_AIM OF THE EXERCISE_: No pictures belong in the copy. Retype exactly, and only, the stretch of lines below from the one with "For each student, this" through the one with "And once that".

Stored entries:
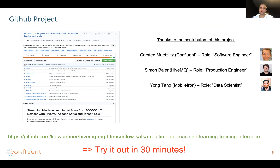I want to say thank you to the main contributors: Carsten from Confluent, Simon from HiveMQ, and Jung, our TensorFlow expert from MobileIron. Different roles like software engineer, production engineer and data scientist were involved. The point is that you really have to have an understanding of many different areas to build such a demo. This also shows how you can solve the impedance mismatch between data science people who love Python, Jupyter and Notebooks, and the engineers who build reliable and scalable infrastructure for model ingestion, training, deployment and monitoring.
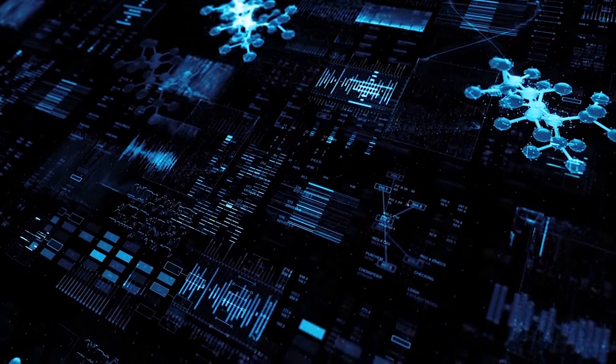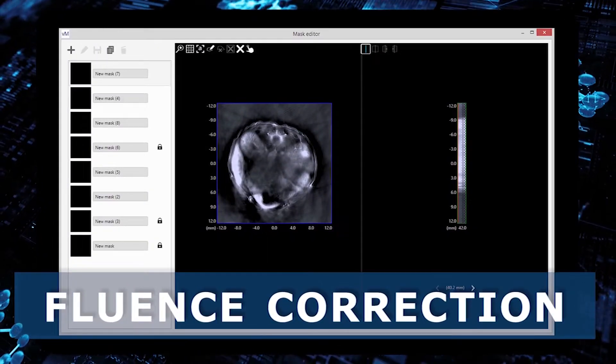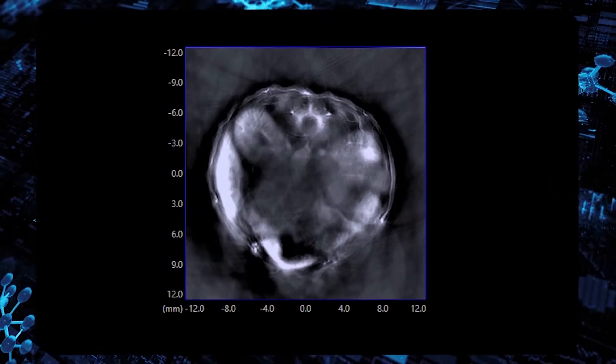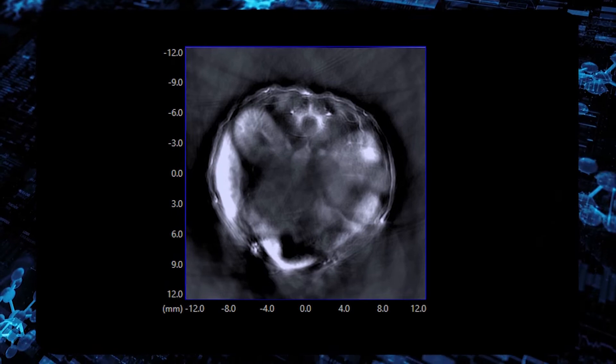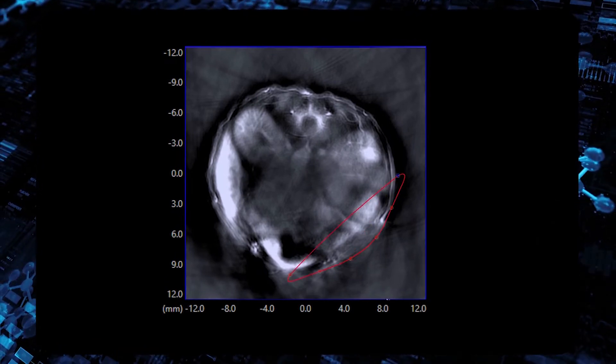The next processing step is fluence correction. It allows the adjustment of images for fluence decay inside the tissue.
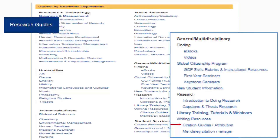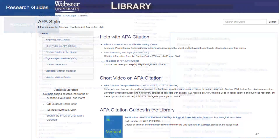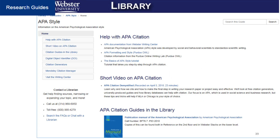If you need a refresher for APA, MLA, or another citation style, the library has a research guide that can help. Click the big blue Research Guides button on the homepage and then select the link Citation Guides under the General Multidisciplinary category. Here is a research guide for APA that includes documentation from the Webster Writing Center and other citation sites like Purdue OWL.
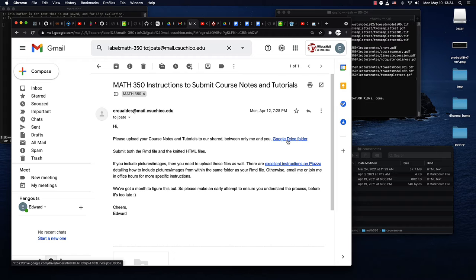For each student, this link is customized to the folder particular to you such that I also have access to it, but nobody else does.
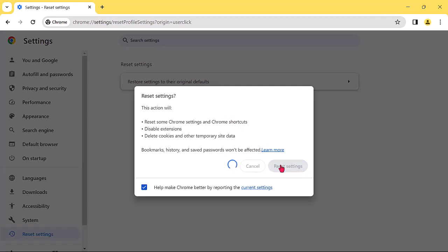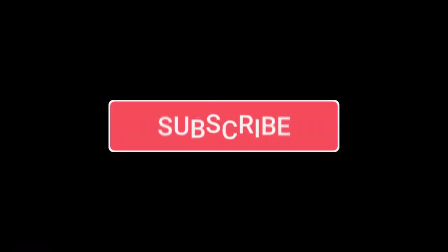If you liked this video, don't forget to like and subscribe. Thank you for watching.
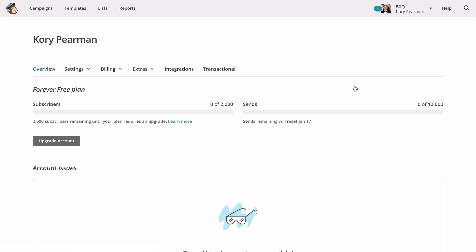And once that loads up, we are then going to click on the extras drop down. Then we're going to click on API keys.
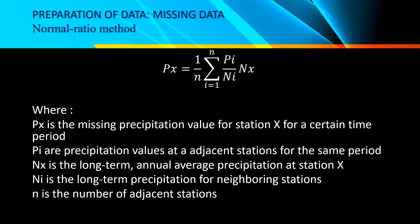For the normal ratio method, the formula is: Px = (1/N) × Σ(i=1 to N) [Pi × (Nx/Ni)], where Px is the missing precipitation value for station X for a certain time period, Pi are the precipitation values at adjacent stations for the same period, Nx is the long-term annual average precipitation at station X, Ni is the long-term precipitation of the neighboring station, and N is the number of adjacent stations.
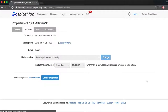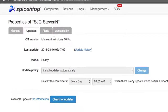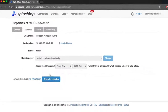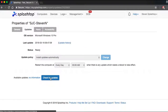From here, you'll be taken to a page where you can see all the information regarding updates. This includes operating system, last update, status, and your update policy for this computer. Also at the very bottom is the option to check for updates.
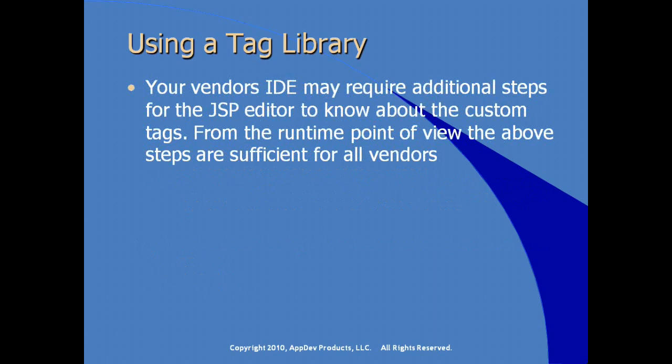Vendors may require additional steps for the JSP editor to know about custom tags. So depending on the IDE you eventually end up using, you may have additional steps necessary to incorporate custom tags into your development environment. However, from the runtime point of view, what we've seen as our primer for deploying our tag libraries is sufficient for all Java EE compliant server vendors. Now let's go take a look in Eclipse at how to enhance our Java custom code to support JSP fragments for our JSP developers.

_ANSWER FOR THIS EXERCISE_:
For each student, this link is customized to the folder particular to you such that I also have access to it, but nobody else does.
If you liked this video, don't forget to like and subscribe. Thank you for watching.
And once that loads up, we are then going to click on the extras drop down. Then we're going to click on API keys.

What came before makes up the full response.